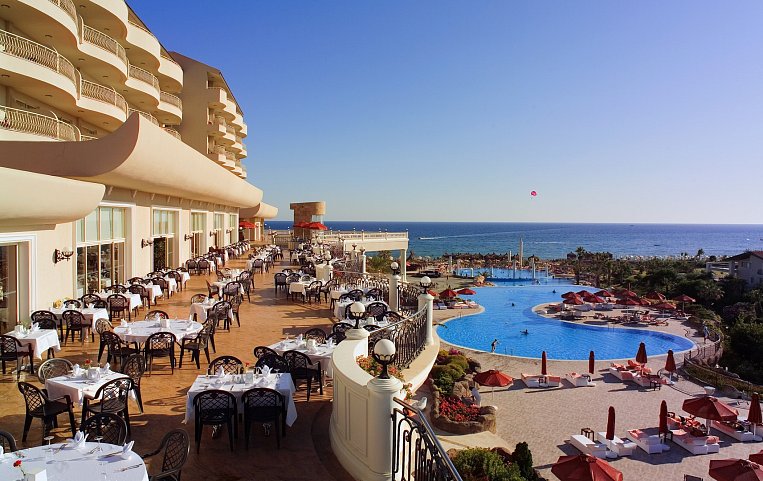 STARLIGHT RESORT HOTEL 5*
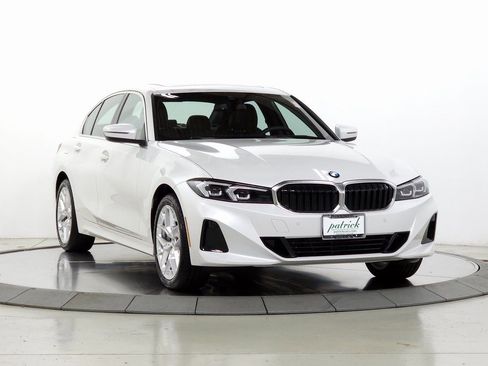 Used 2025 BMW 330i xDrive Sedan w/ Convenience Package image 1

=-=-=-=-=

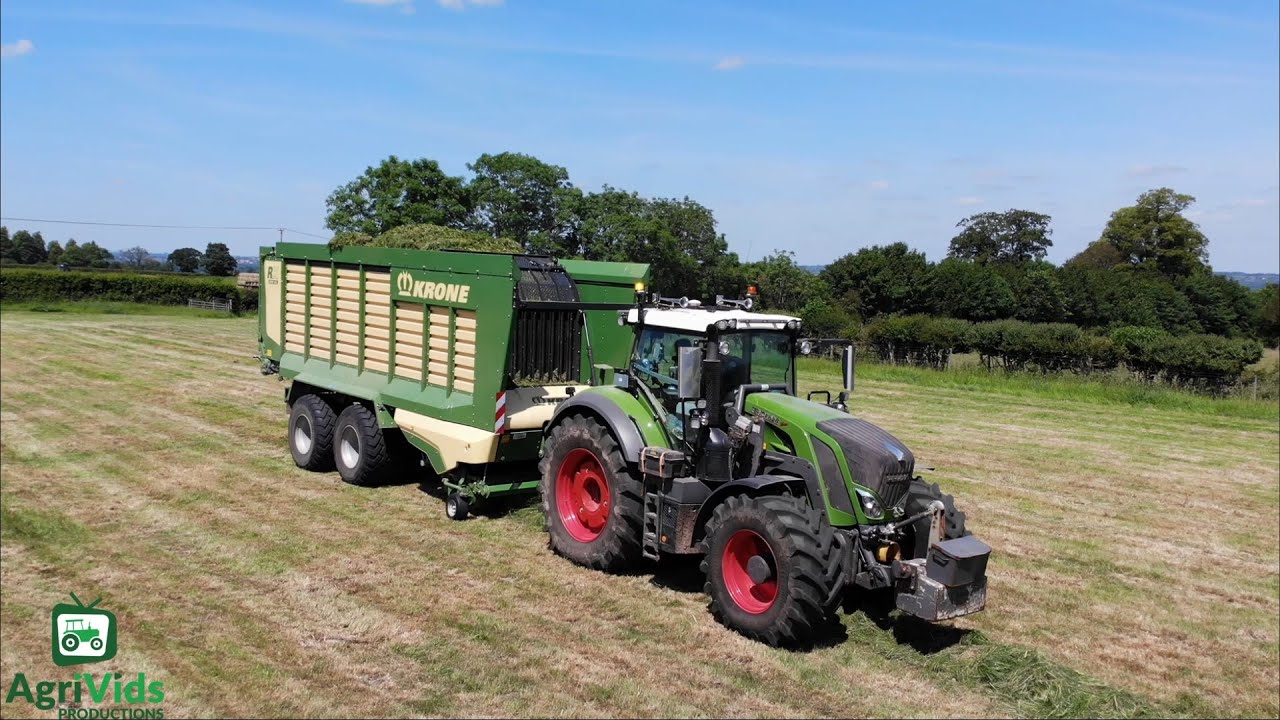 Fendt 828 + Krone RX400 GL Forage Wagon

=-=-=-=-=

ASSIGNMENT:
What you write must match the listing exactly, from the line with "STARLIGHT RESORT HOTEL 5*" up to and including the line with "Used 2025 BMW". Pictures stay out.

ANSWER TO THIS TASK:
 STARLIGHT RESORT HOTEL 5*
 Used 2025 BMW 330i xDrive Sedan w/ Convenience Package image 1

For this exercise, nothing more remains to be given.